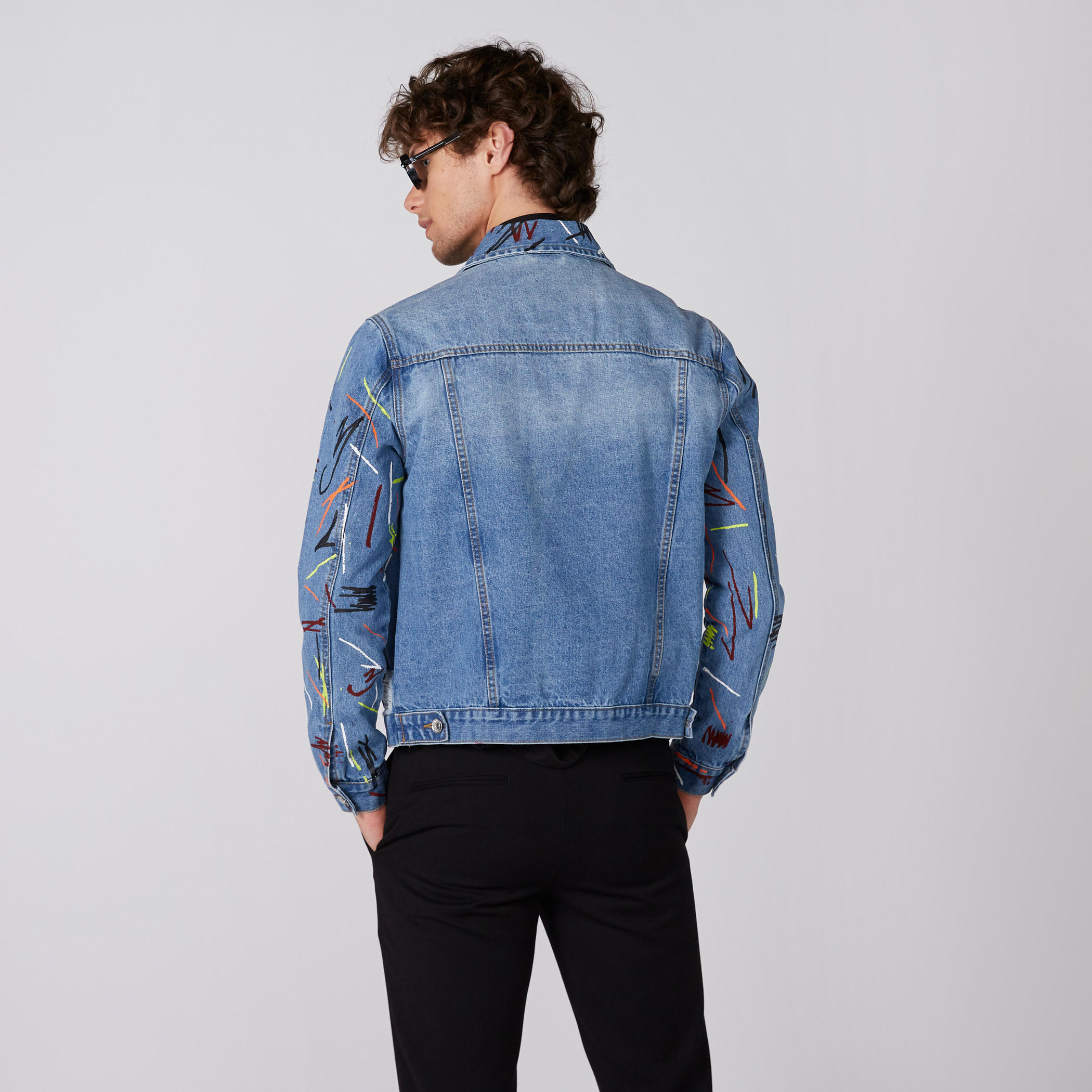 جاكيت دينم بطبعات وأكمام طويلة وزر إغلاق من لوم-men-clothing-jacketsandblazers-jackets-image-6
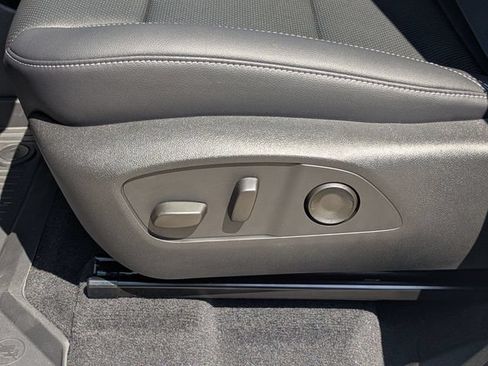 New 2026 Chevrolet Traverse LT w/ Midnight/Sport Edition FWD image 11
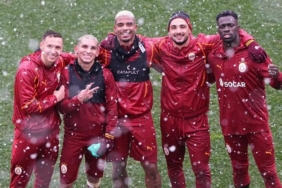 galatasaray-az-alkmaar-macina-10-eksikle-gitti-sMlr2Lcu.jpg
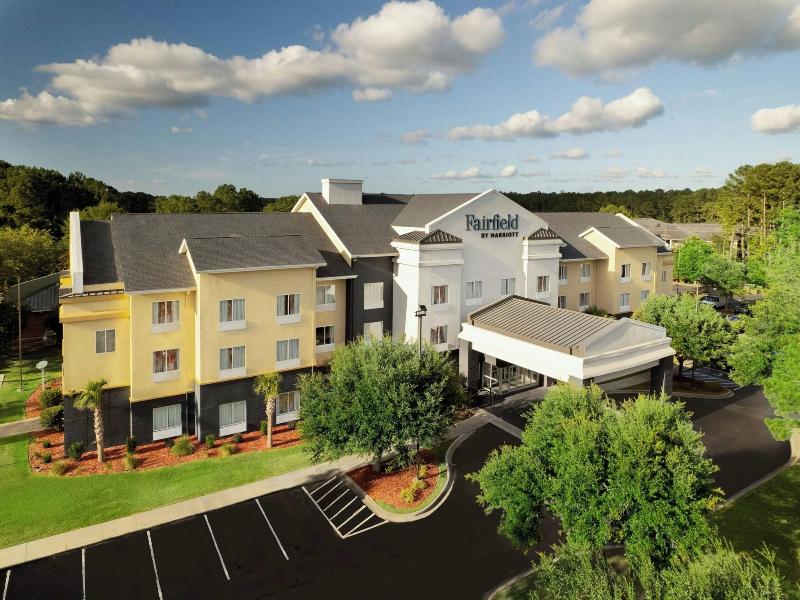 Fairfield Inn & Suites Charleston North/Univ. Area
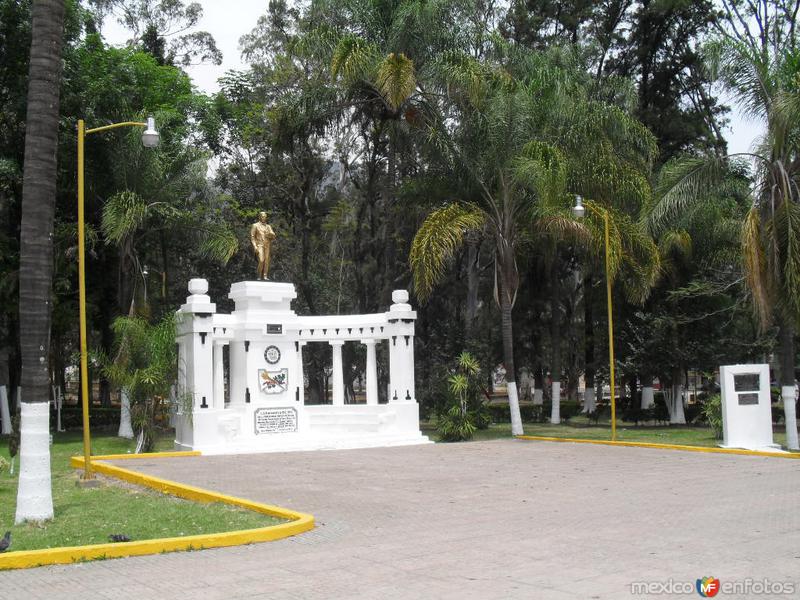 Fotos de Ciudad Mendoza, Veracruz: El emiciclo a Juarez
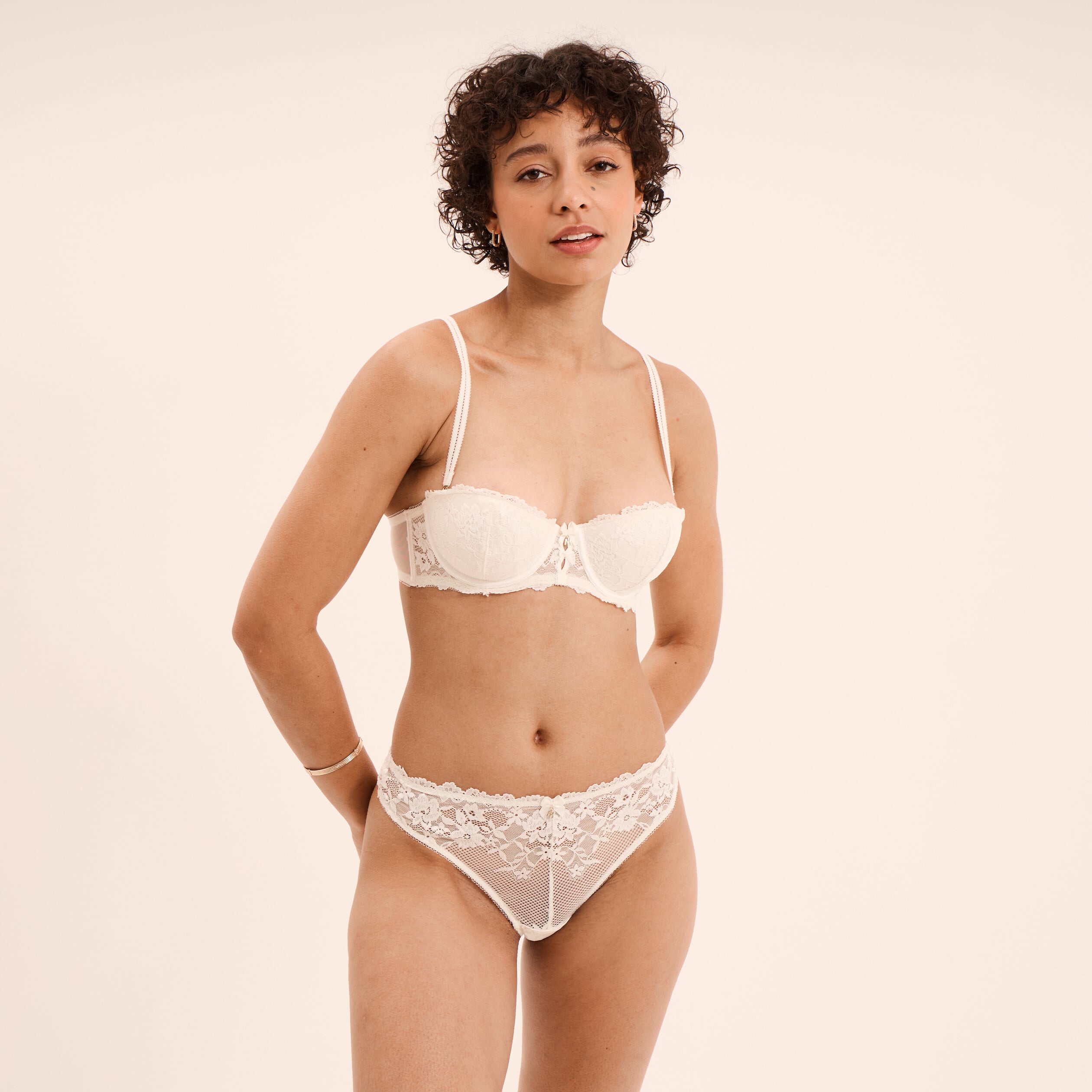 Soutien-gorge bandeau avec coques blanc femme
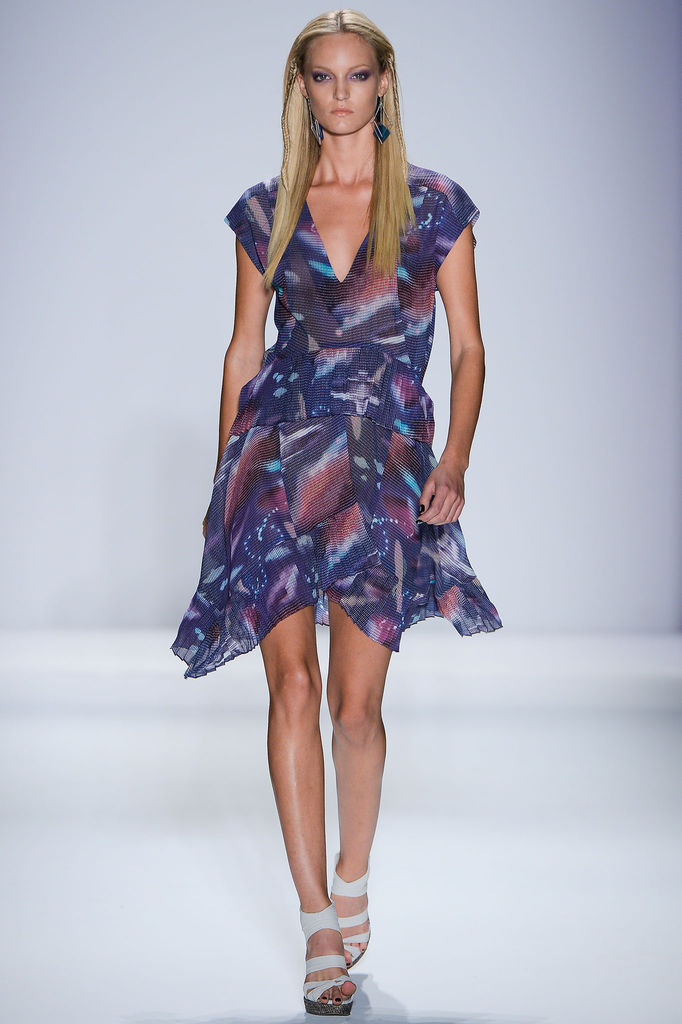 Nicole Miller 2013DƬ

**DIRECTIONS FOR THIS TASK:**
With the pictures omitted, write out exactly the lines from the one that contains "Fotos de Ciudad" through the final line of the material above, both ends included.

**WORKED SOLUTION:**
 Fotos de Ciudad Mendoza, Veracruz: El emiciclo a Juarez
 Soutien-gorge bandeau avec coques blanc femme
 Nicole Miller 2013DƬ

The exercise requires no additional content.